The first thing you notice about New Zealand is how green and uncommercialized it is and after three weeks here that still holds. Plus! we haven't seen a single billboard and we've driven 3000 km, or 1800 miles. We've had perfect weather and I hope it doesn't change too drastically in the next few weeks. We've been told that the South Island is more beautiful than the North, but the rugged coastline and sandy beaches of the Coromandel and the green and gold pastoral, hilly interior will be awfully hard to beat. There are sheep on every hillside, but surprise - but there's a big bovine presence too.



Took the ferry to the South Island and stopped in Marlborough, where most NZ wines are produced. After extensive research, we can personally assure all our wino friends that there is wine in abundance. People here are so friendly - we dropped into a bar the other night and were adopted by half a dozen 20-somethings and had a great time with them for an hour!



Here, though is the piece de resistance: my folks went heli-hiking! Isn't that cool?







Mom writes: Unfortunately, it's a cloudy day so we didn't see the top of Mt. Cook but we were almost at the top of Mt. Tasman. The ice we're standing on is 400 metres deep (about 1200 feet I think!)

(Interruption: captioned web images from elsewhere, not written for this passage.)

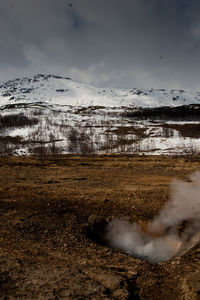 Smoke emerging from volcanic landscape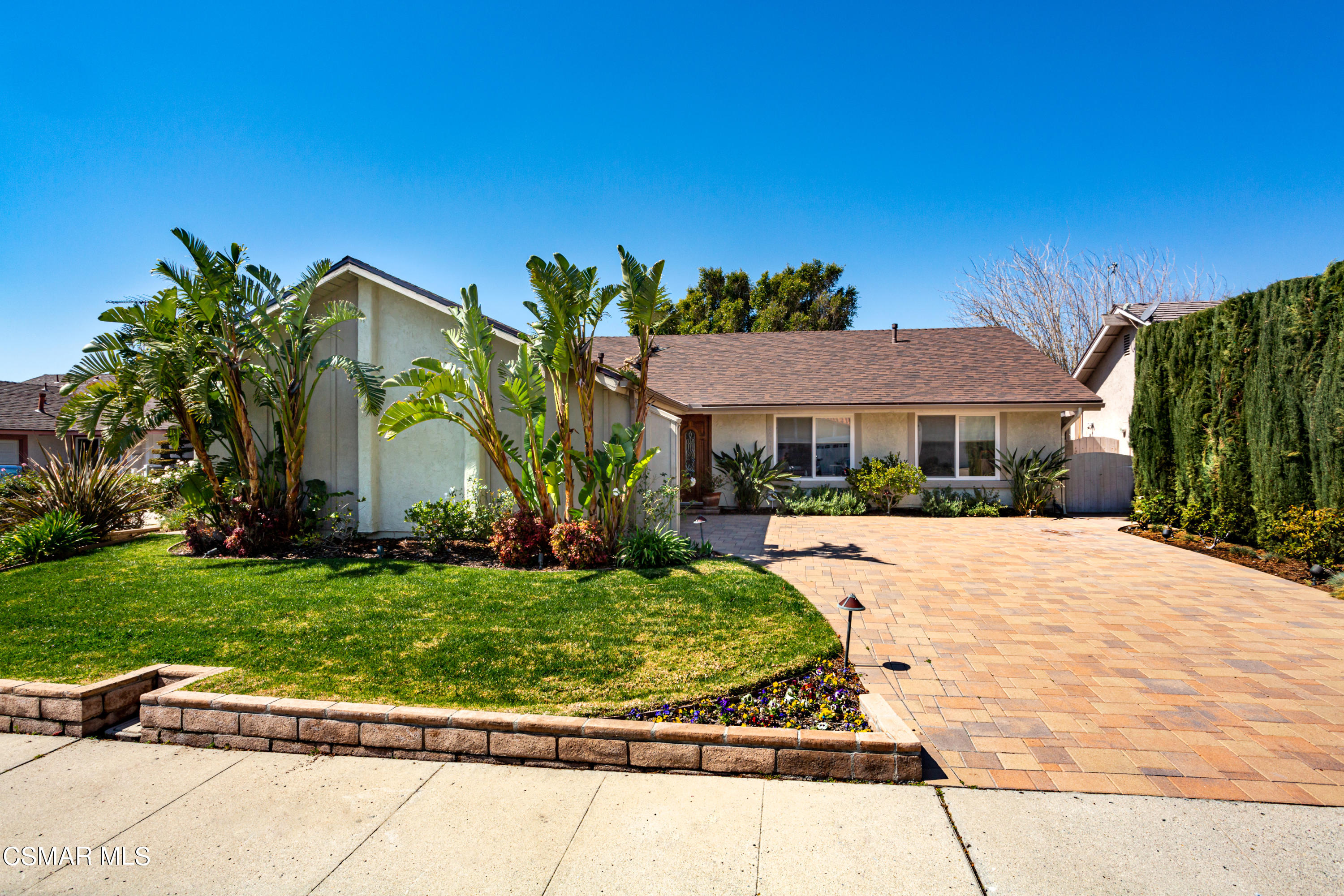 2641 Greenleaf Court Simi Valley, CA 93063 - Photo 2 of 25 a front view of a house with a garden
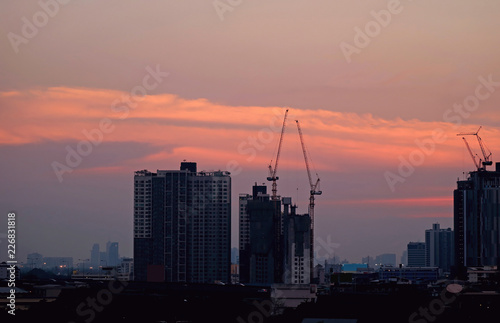 Impressive sunset sky over the constructing area of Bangkok, Thailand 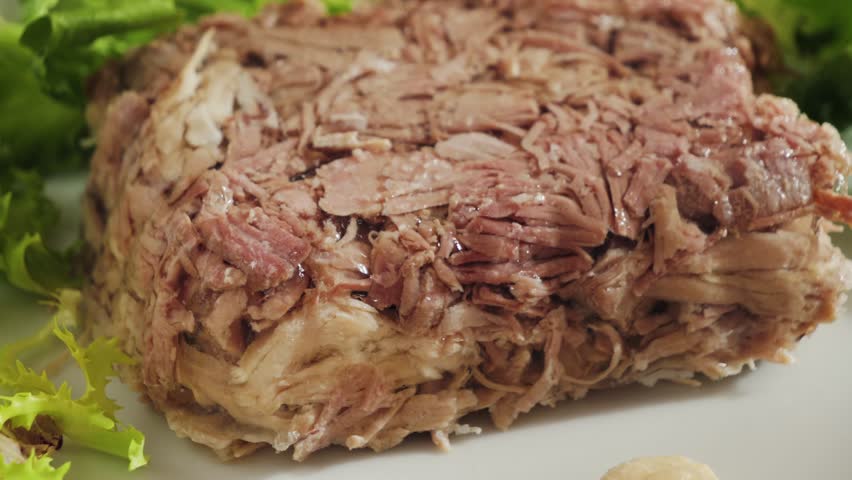 Prepared homemade beef aspic on plate, topping with parsley and dill. High quality 4k footage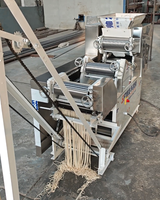 Machine à rouler, à aplatir et à couper la pâte, pour la fabrication de nouilles sèches suspendues et les équipements de mouture de céréales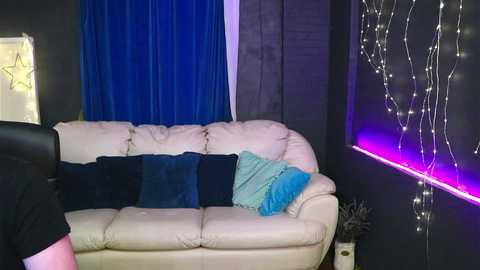 Video of a cozy living room with a cream leather sofa, dark blue and teal throw pillows, and a wall adorned with fairy lights and blue curtains.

And then it was on to lovely Fiji.





Or, maybe not so lovely? My Dad writes: Much of Fiji looks like regular living is very hard. Wages are very low. Hard for me to really like a place when I'm living like a king, while riding on the back of the very low wages paid to the folks that work there. Life looks better than the Philippines and Mexico, but still a very hard life for the average person. Mom told you already about the school we visited. Very humbling experience. You would have loved both the teachers and the 70 students. (Here are some of the students, with my Dad:)





After Fiji, it was on to Australia. Here, my Mom is writing to my boys and their cousins:



We are in Alice Springs in the Northern Territory. It's hot, hot, hot! About 110 degrees F! There are lots of flies here - so many that we had to wear a net. Don't we look funny!





And, they were all excited when they saw a wallabee:





I didn't know that wallabees looked anything like kangaroos, but evidently, they do. Here's the Wikipedia page about them, in case you'd like to know more.



And so, the great trip continues! I'll do another update soon, on the rest of their Aussie segment and then on into Asia.

Monday, February 22, 2010

Cease and Desist

So, I have apparently knitted myself into a corner: my hands are killing me. They are numb and painful at the same time, something that came on very suddenly. I blame the socks; last week I started working on a totally cute pair, on size 2 (cold, metal) needles, and now I can't even make a second pot-holder on size 11 (warm, bamboo) needles. And the first one looks so lonely!



Keyboarding is a problem, too, which is why I haven't been my wordy, commenting self on my favorite blogs over the weekend.



I am an addict, denied my two key habits.



I've decided to give myself a few days to let the nerves settle down. Then, once I have some feeling back in my left hand, I will give knitting another try. It goes without saying that, while my blog may be less typing and more photos, I'll keep at it - I would miss my bloggy friends too much to stop!



Here are pics of two projects recently finished:







These slippers are the first project I've done on double-pointed needles. Once I got the hang of it, I enjoyed knitting them very much. The lower pic is them before felting. They looked like cozy slippers for Andre the Giant.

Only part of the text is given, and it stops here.